A court in China has jailed prominent Tibetan environmentalist Karma Samdrup for 15 years on charges of robbing tombs and dealing in looted relics.
Samdrup's lawyer said police had used false evidence. His wife said he had been beaten in custody.
There has been no comment from the authorities on the sentence.
International human rights groups say China has increased pressure on leading Tibetan figures since riots killed 22 people in the region in 2008.
Samdrup, 42, was sentenced by a court in China's western region of Xinjiang.
The BBC Damian Grammaticas, in Beijing, says he is the most high-profile Tibetan figure to be jailed in recent years.
'Philanthropist of the year'
A well-known businessman, Samdrup made a fortune trading in Tibetan antiques. He used some of his money to fund conservation projects on the Tibetan plateau.
In 2006 China's state TV named him "philanthropist of the year".
Samdrup's wife says police tried to force him to sign a confession by pouring cold water over him during winter and denying him food and sleep.
His lawyer, Pu Zhiqiang, said the evidence had been faked and no proper translator had been provided at the trial.

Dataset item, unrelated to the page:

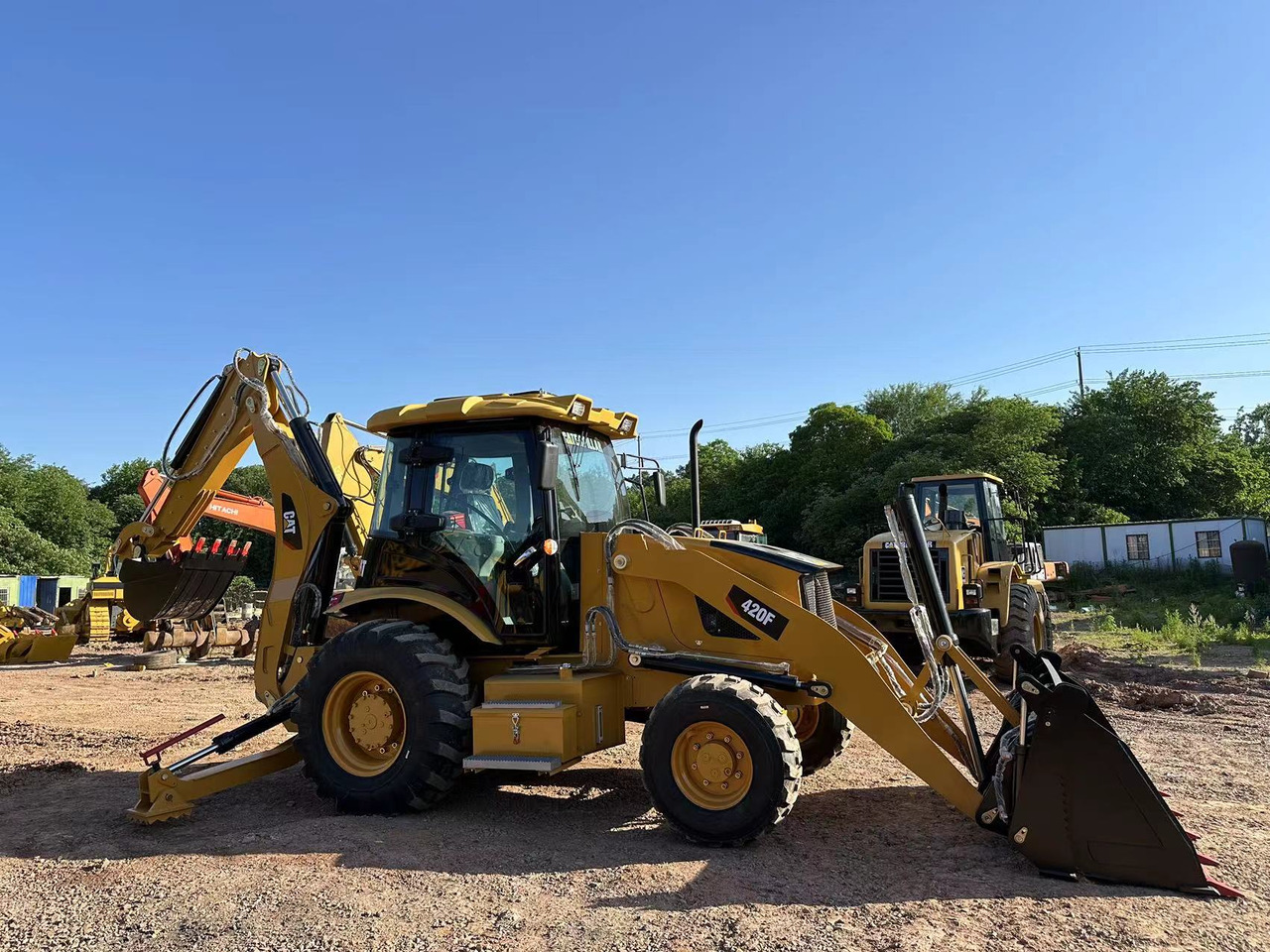 CATERPILLAR 420F2 - Ekskavaator-laadur: pilt 5 CATERPILLAR 420F2 - Ekskavaator-laadur: pilt 5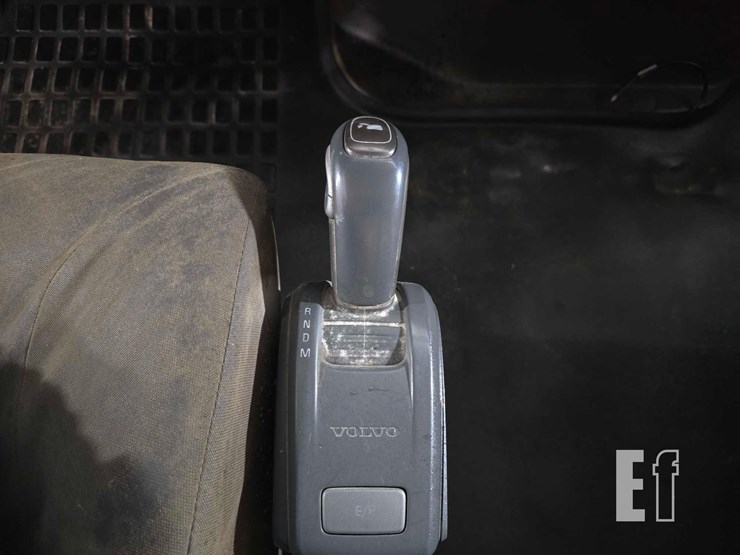 2013-volvo-vnl64t300-image-15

"Tibetans do not touch coffins or corpses, they advocate sky burials, water burials, but not earth burials. Also, robbing graves is taboo for them," he told the AFP news agency.
The Free-Tibet Campaign, a London-based group, said Samdrup had been convicted "on trumped-up charges".

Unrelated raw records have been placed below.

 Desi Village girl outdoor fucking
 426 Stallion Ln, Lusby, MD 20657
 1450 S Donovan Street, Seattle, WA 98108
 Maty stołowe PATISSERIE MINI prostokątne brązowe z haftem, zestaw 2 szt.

Human rights activists say about 50 people have been detained in a crackdown on Tibetan figures since the riots that shook Tibetan areas before the 2008 Olympics in Beijing.
Some of Mr Samdrup's supporters believe he is being punished for publicly defending his two brothers.
Their environmental group has named a local official who they say was hunting endangered animals in a Tibetan nature reserve. Both brothers are in custody.
Tibet's government-in-exile in Dharamsala, India, reacted to the sentence by calling on Beijing to release all "prisoners of conscience".